Launching Law & Business
This issue of UVA Lawyer introduces Virginia's new Law & Business Program. We began this year with basic courses in Accounting and Finance offered in the Law School by distinguished professors from elsewhere in the University. (Both Whit Broome from the Commerce School and Ken Eades from Darden are profiled in these pages.) Next year, we will expand the availability of Accounting and Finance, increase the number of business specialty offerings, and begin revamping our core business law courses. The completed program will be the most ambitious curricular innovation in the history of the Law School and perhaps in the history of legal education.
It may help identify the direction of our ambition
to spell out three things that the new Law & Business Program
will not do:
First, it will not replace the joint J.D.-M.B.A.

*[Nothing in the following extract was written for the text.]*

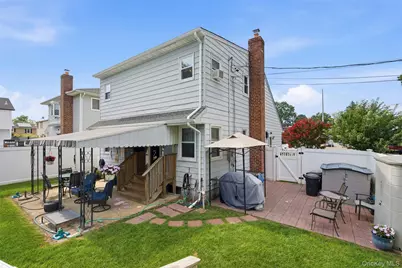 24 Broadmoor Lane, Westbury, NY 11590 - Photo 28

Program with Darden. The joint degree program is ideal for students
who can commit to the time and expense of an extra year. It graduates
students with complete educations in both law and business. Unfortunately,
the demands of the joint-degree program restrict it to a handful
of exceptionally dedicated students. The new Law & Business
Program aims at a much wider audience. Our goal is to graduate
200 lawyers annually with a basic foundation in business.
Second, the Law & Business Program will
not detract from the centrality of legal analysis in the Law School
curriculum. Especially in the first year, the intellectual and
analytic discipline of law will remain our overriding commitment.
It will be supplemented, not displaced, by the basics of business
analysis. In business law courses, the subtlety and sophistication
of legal analysis will be enhanced by a better understanding of
the business contexts in which legal issues arise.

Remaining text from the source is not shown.